Embedded etcd (HA) may have performance issues on slower disks such as Raspberry Pis running with SD cards.

Why An Odd Number Of Server Nodes?

HA embedded etcd cluster must be comprised of an odd number of server nodes for etcd to maintain quorum. For a cluster with n servers, quorum is (n/2)+1. For any odd-sized cluster, adding one node will always increase the number of nodes necessary for quorum.
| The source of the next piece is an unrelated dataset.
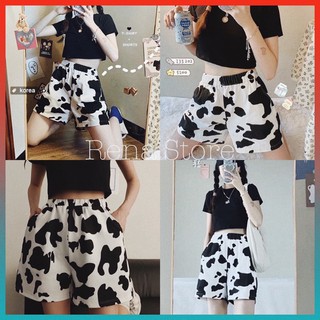 Quần đùi nữ ❤️Quần short nữ ống rộng chất liẹu thun siêu mát in hình bò sữa hai màu đen trắng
Although adding a node to an odd-sized cluster appears better since there are more machines, the fault tolerance is worse since exactly the same number of nodes may fail without losing quorum but there are more nodes that can fail.

An HA K3s cluster with embedded etcd is composed of:

  • Three or more server nodes that will serve the Kubernetes API and run other control plane services, as well as host the embedded etcd datastore.
  • Optional: Zero or more agent nodes that are designated to run your apps and services
  • Optional: A fixed registration address for agent nodes to register with the cluster

High Availability Embedded etcd - 图2note

To rapidly deploy large HA clusters, see Related Projects

To get started, first launch a server node with the cluster-init flag to enable clustering and a token that will be used as a shared secret to join additional servers to the cluster.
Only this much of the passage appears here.